Q. Was Elizabeth herself personally popular with the people?
A. Yes, overwhelmingly so. The republican movement to abolish the monarchy remained a fringe movement in British politics during her reign. Of course, all monarchs, especially those who reign a long time, experience ebbs and flows in their popularity. The low point for Elizabeth was after the death of Princess Diana in 1997 and the perception that the royal family’s response was callous and unfeeling.
Q. What kind of protocols will we see in the next few days?
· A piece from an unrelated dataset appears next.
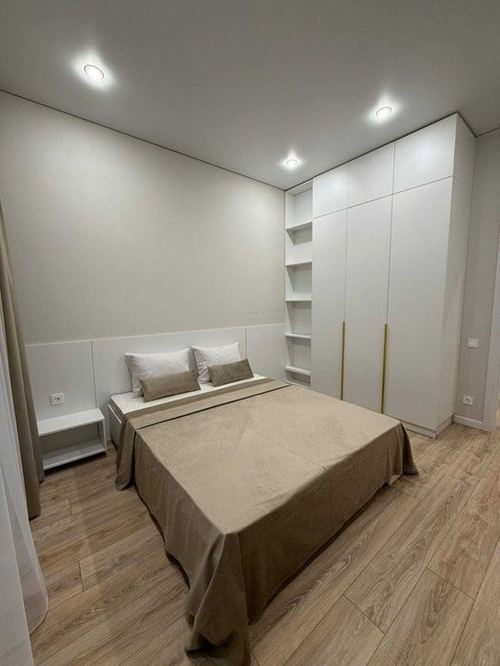 2-xonali kvartira, 70 m²
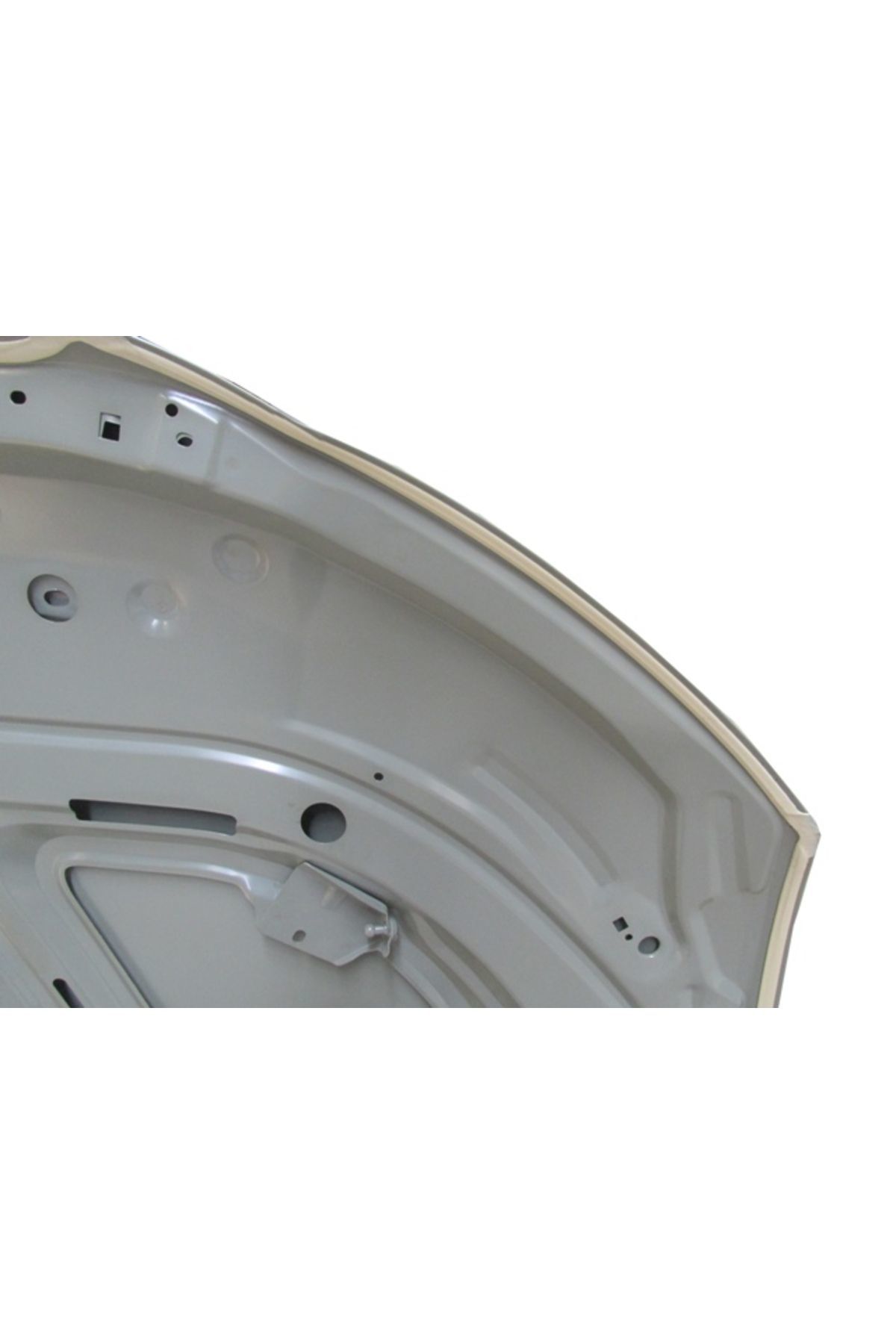 Audi A4 13/15 Motor Kaputu Siyah Boyalı (İceli/çekomastikli) (Sımyı)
A. The last time a British monarch died was 1952. We have never seen this kind of event in our lifetime and never in our current media environment. There is an elaborate plan, code-named London Bridge, written and rewritten over decades, that choreographs a precise sequence of events surrounding the death of the queen. The style of private notifications and public announcements; the ringing of church bells and the setting out of condolence books; the transportation of the queen’s body; the lying in state; and of course the funeral itself have all been anticipated in detail. When BBC television journalists changed into black suits and ties on Thursday, hours before the death was announced, the plan was already being set into motion.
The point of all of this, of course, is to ensure a smooth succession for Charles and maintain an unbroken line of authority for the Windsors. When his mother died, Charles became king in that instant; his status depends on his bloodline, rather than any proclamation or coronation ceremony. But those things will follow anyway as part of the institutional effort to legitimize his authority. What a BBC commentator shortly after the queen’s death called the “invisible, almost imperceptible” passing of the crown from one person to another really is a mystical event in this sense: it only works if people choose to believe it.
Q. What will this mean for the new Prime Minister Liz Truss?
A. In crude political terms, it’s possible that Truss will enjoy a temporary “bounce” by virtue of acting as mourner-in-chief. She and her party are not especially popular at the moment and anything that softens her image could be helpful to them.
But far more decisive for Truss’s political fortunes will be the state of the economy as she attempts to respond to the inflation and energy crises. Once seen as a bedrock of political stability, the United Kingdom has now seen four prime ministers in six years, and the 18% inflation rate projected for next year is likely to deepen the sense of unrest which began with Brexit. The new monarch and the new prime minister alike are inheriting a precarious situation.